> [How to complete this task]: Please transcribe the data below exactly. Leave the pictures out.

> [Provided material]:
○ ○ ○ ○

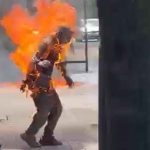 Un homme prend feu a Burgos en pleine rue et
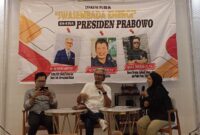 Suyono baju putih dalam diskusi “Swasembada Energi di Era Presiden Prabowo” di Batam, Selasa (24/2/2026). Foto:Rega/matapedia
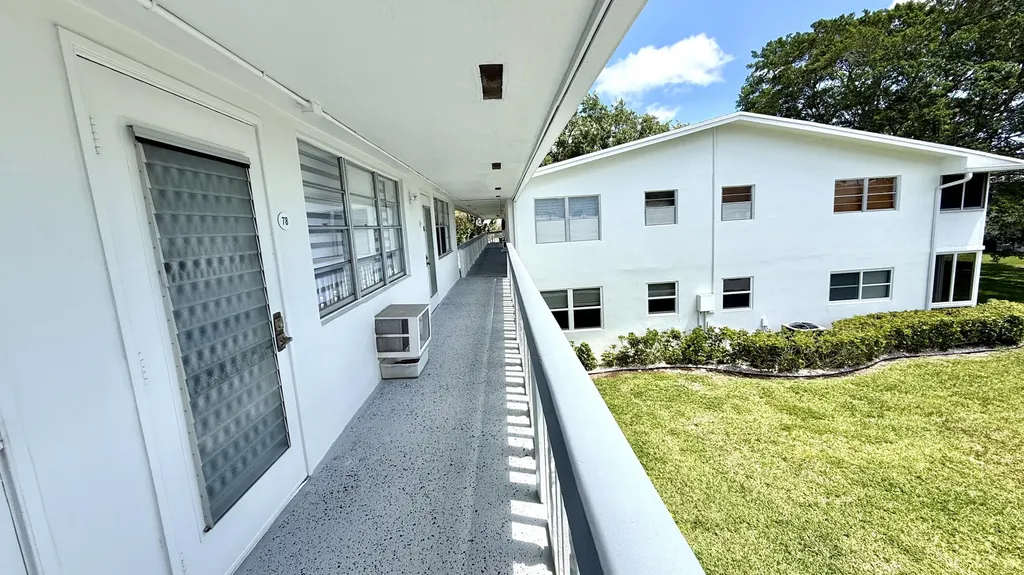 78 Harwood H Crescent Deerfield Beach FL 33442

○ ○ ○ ○

> [Answer section]:
 Un homme prend feu a Burgos en pleine rue et
 Suyono baju putih dalam diskusi “Swasembada Energi di Era Presiden Prabowo” di Batam, Selasa (24/2/2026). Foto:Rega/matapedia
 78 Harwood H Crescent Deerfield Beach FL 33442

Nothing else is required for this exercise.